Introduction
About 12 months ago I wrote a blog post about the potential balance sheet impacts of cloud computing and crowdsourcing.
Those impacts stem from the gulf that has quickly opened up between the historical cost of software development (on which many incumbent balance sheets are based) and a new cloud-based, crowdsourced replacement cost.
Much later in the year an article appeared in the business press regarding a Victorian Supreme Court action. This action was brought by a number of disgruntled investors who suffered significant capital losses on a leasing transaction designed and entered into by the defunct investment bank Babcock and Brown.
The investors are suing various B&B executives for breach of fiduciary duty.
Over the coming months these two seemingly unrelated events will collide, with consequences for equity markets that are difficult to predict.
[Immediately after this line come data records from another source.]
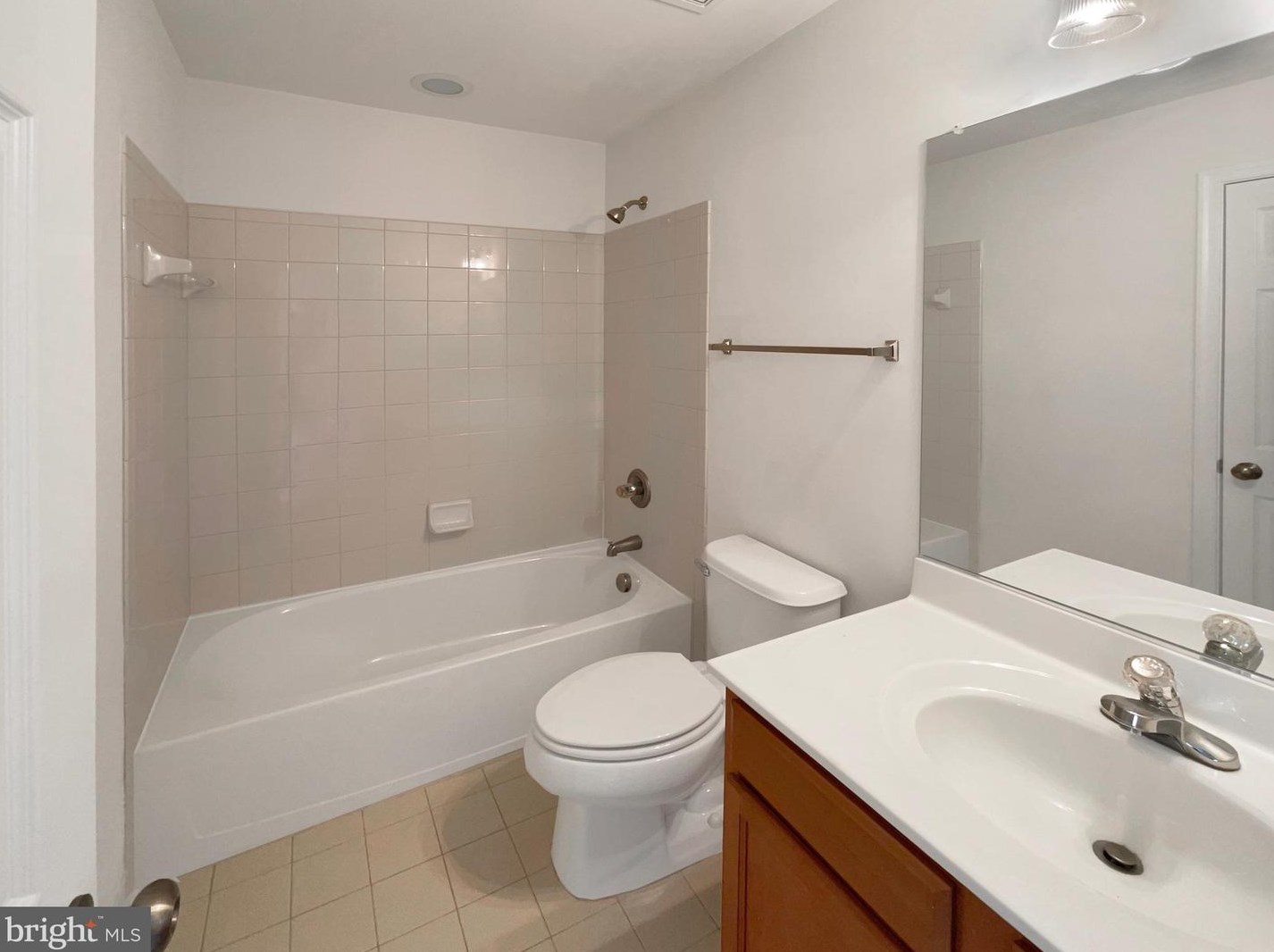 2218 William Harris Way, Woodbridge VA  22191-6518 exterior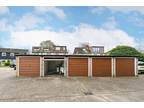 Garage to Rent in Hove Gardens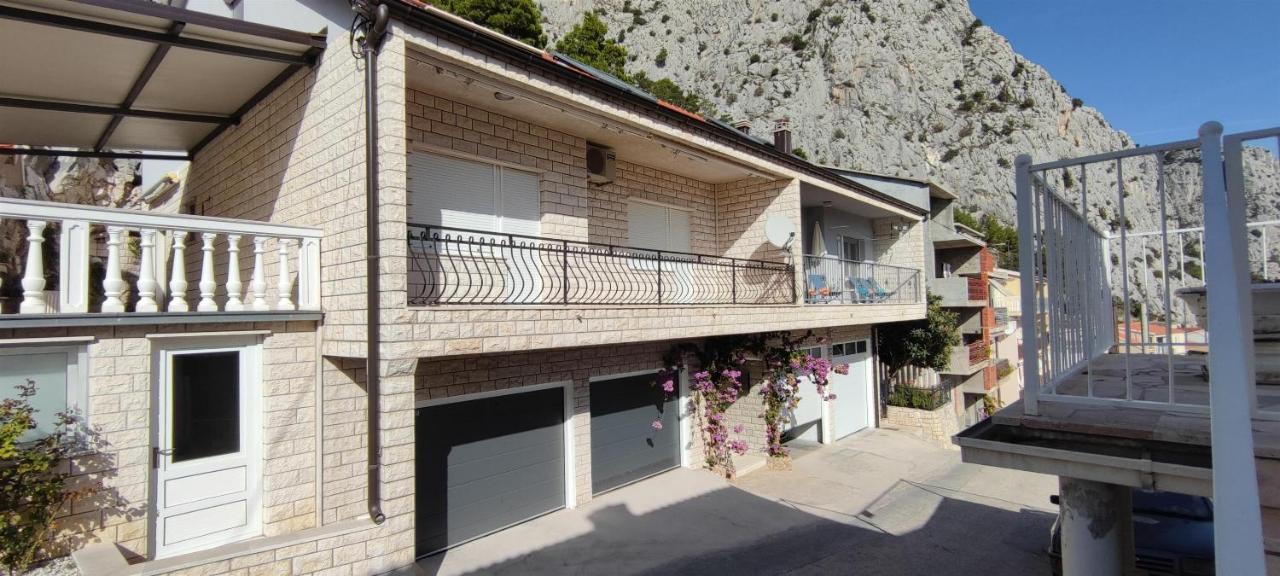 Apartment Adrian Omis Exterior photo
Fiduciary Duty and Disclosure
The basic argument of the investors is that B&B failed to adequately disclose the potential risks of what was a highly leveraged leasing transaction (involving railway rolling stock in the US).
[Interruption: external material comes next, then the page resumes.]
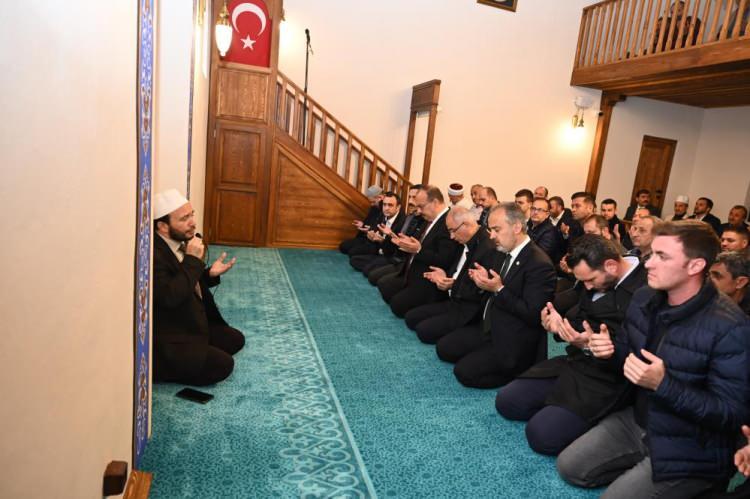 <p>Cuma namazı sonrası vatandaşlara Büyükşehir Belediyesi tarafından çeşitli ikramlarda bulunuldu.</p>

<p> </p>
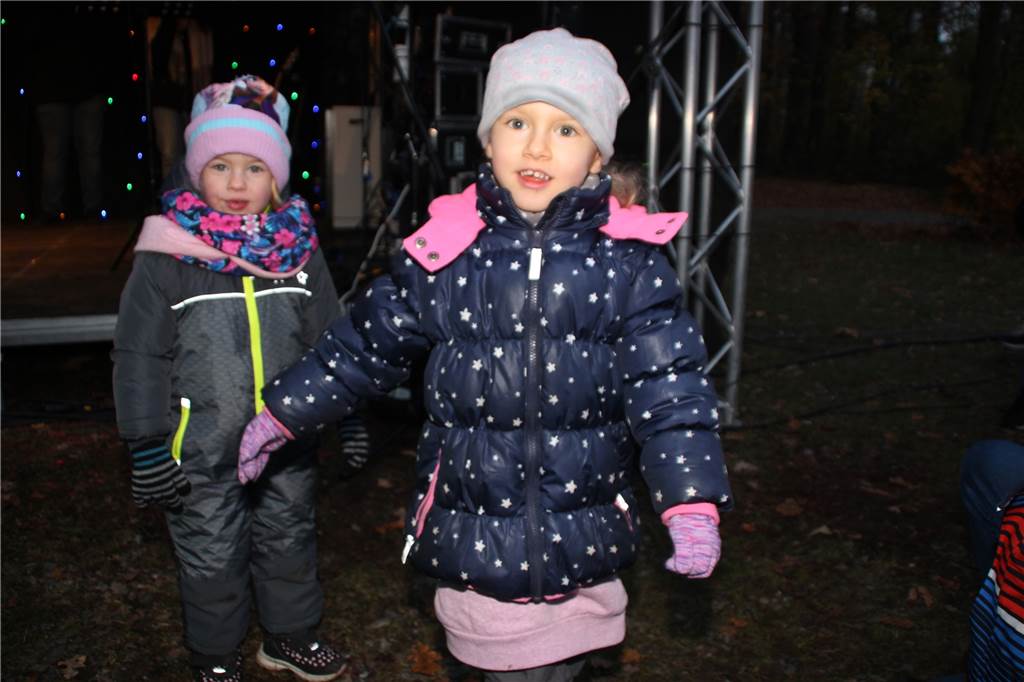 Weihnachtliches Flair, gekrönt mit dem Besuch vom Nikolaus, und einem großen Angebot zum Stöbern lockte am Wochenende eine Vielzahl an Gästen in den Volkspark Brambauer, um von dem erstmals ausgerichteten Weihnachtsmarkt zu partizipieren.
The defence lawyers will no doubt argue that the GFC (which ‘derailed’ the transaction) was a ‘black swan’ event that was not foreseeable by the ubiquitious reasonable man. However the ultimate outcome of the case is not relevant to this blog, which is actually about the Class Super IPO.
Class Super
Class Super has indicated that it intends to list the company in 2015.
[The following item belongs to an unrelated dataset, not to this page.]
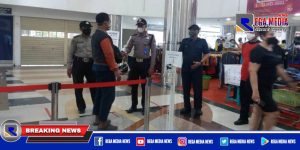 Petugas Gabungan Pantau Prokes Mall Pasar Atom Surabaya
Class Super’s revenues are based on a traditional subscription licensing model, with accounting firms servicing SMSF clients being charged an annual fee per Fund.
With a purely cloud-based architecture the firm has recorded consistent growth and has attracted investment from large financial institutions seeking access to the funds under management in the SMSFs to cross-market their “products”.
Mclowd
Mclowd is using crowdsourced resources and cutting-edge online workflow to create software to rival that of Class and its peers for less than 1% of the aggregate development cost of those incumbents.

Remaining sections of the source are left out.